> [TASK GOAL]:
For the listing below, return the line containing "キャットカボチャこうもりスパイダーハロウィンブックキャンドル Tシャツ (正面)", the line containing "Baguette Birthstone & Initial Necklace", and all lines in between, exactly as written and nothing else.
··· RECORDS FOR THE TASK
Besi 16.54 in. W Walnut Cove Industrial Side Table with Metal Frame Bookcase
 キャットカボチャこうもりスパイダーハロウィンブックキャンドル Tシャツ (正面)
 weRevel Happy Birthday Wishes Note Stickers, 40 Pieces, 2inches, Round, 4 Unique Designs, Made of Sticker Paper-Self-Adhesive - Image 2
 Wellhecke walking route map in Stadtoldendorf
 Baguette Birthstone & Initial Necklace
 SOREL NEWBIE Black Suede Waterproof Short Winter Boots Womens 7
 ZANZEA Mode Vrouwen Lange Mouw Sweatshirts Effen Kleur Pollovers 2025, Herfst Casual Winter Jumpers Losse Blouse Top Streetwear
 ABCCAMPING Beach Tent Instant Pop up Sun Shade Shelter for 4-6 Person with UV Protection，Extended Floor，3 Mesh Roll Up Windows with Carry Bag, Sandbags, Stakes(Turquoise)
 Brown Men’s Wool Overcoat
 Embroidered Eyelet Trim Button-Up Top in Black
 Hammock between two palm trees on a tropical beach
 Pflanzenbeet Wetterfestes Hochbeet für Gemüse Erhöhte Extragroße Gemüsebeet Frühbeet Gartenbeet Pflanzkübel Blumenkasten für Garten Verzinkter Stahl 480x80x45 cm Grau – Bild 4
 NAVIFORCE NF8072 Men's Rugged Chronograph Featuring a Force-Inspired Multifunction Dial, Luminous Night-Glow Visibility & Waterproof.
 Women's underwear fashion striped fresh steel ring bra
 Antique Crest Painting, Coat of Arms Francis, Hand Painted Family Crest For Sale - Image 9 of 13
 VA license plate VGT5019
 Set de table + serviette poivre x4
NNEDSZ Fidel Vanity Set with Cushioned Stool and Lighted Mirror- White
······
> [ANSWER AREA]:
 キャットカボチャこうもりスパイダーハロウィンブックキャンドル Tシャツ (正面)
 weRevel Happy Birthday Wishes Note Stickers, 40 Pieces, 2inches, Round, 4 Unique Designs, Made of Sticker Paper-Self-Adhesive - Image 2
 Wellhecke walking route map in Stadtoldendorf
 Baguette Birthstone & Initial Necklace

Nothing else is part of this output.